Avec votre discours, la stigmatisation, déjà « en marche », va redoubler d’intensité
En une décennie et après rencontré un très grand nombre de familles, je n’ai jamais croisé aucune de ces dérives que vous évoquez, à grand renfort de propos caricaturaux. En revanche, je connais plusieurs familles de confession musulmane, dont les enfants scolarisés dans des quartiers difficiles, victime de harcèlement ou de mauvaises fréquentations dans l’école, ont choisi ce mode d’instruction, pour préserver la santé mentale de leurs enfants et leur avenir. Chez ces familles, nulle trace de fanatisme d’aucune sorte, mais un harcèlement administratif de fonctionnaires zélés, déclenché par la simple vue d’une mère portant le voile. Entre rire jaune et amertume, ces mères m’ont décrit comment un contrôle de l’instruction à domicile pouvait se transformer en une inspection suspicieuse de tous les recoins de leur lieu de vie. Avec votre discours, la stigmatisation, déjà « en marche », va redoubler d’intensité.
Cependant, je ne prétends pas que ces dérives n’existent pas, mais j’affirme qu’elles sont minoritaires et que la loi existante permet déjà, avec notamment le contrôle de l’instruction à domicile, le signalement au procureur et l’injonction de scolariser, d’apporter une réponse aux cas que vous citez.
Votre démarche est complètement à rebours de l’évolution du monde
La brutalité de votre démarche, à mettre sur le compte de votre inexpérience de la vraie vie, de la réalité de l’enfance et d’un entourage trop technocratique, est de surcroît complètement à rebours de l’évolution du monde : des citoyens plus formés et mieux informés, capables de comprendre les enjeux et plus exigeants face aux menaces qui pèsent sur leurs libertés. L’expérience de nombreux pays (Allemagne, pays du nord de l’Europe, États-Unis) montre qu’un enseignement plus divers et plus respectueux de l’enfant produit des adultes ayant une confiance en eux supérieure, plus créatifs et donc porteurs de la réussite économique de leur pays.
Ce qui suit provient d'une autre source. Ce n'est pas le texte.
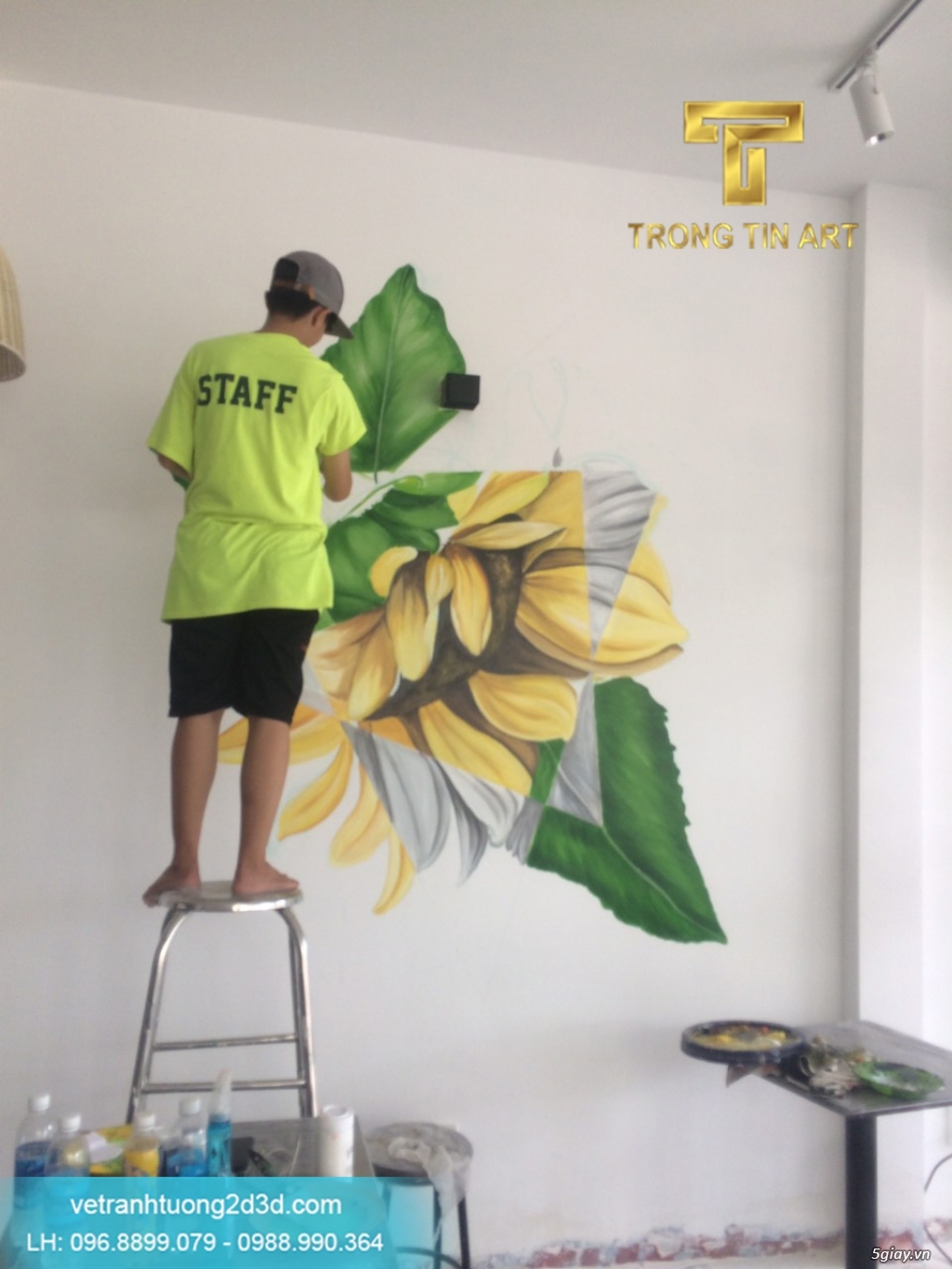 Vẽ tranh tường 3D, tranh tường đẹp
Enfin, aux Français qui ont essayé ce mode d’instruction pendant le confinement que vous avez décrété, vous imaginez, dans un brusque retournement, leur dénier ce droit ?
L’instruction en famille concerne principalement des enfants de primaire, dont une grande majorité rejoint le système classique au collège, comme c’est le cas de mes enfants. C’est en général leur volonté et correspond à un âge où ils ont de nouvelles attentes. Leur confiance en eux et leur expérience passée est alors un socle solide qui leur permet d’affronter sereinement un milieu scolaire parfois difficile et la greffe se passe en général très bien.
Ce cadre si précieux de l’instruction en famille est également une solution à nombre de problèmes existants à l’école et pour lesquels les ministres successifs ont constamment échoué dans leur résolution. La violence et le harcèlement notamment, grand danger pour la santé mentale de nos enfants, est un des cas importants de recours à ce choix d’instruction : proposez-vous donc comme solution à ce problème de casser ce thermomètre ?
Recevez, monsieur le président de la République, mes cordiales salutations.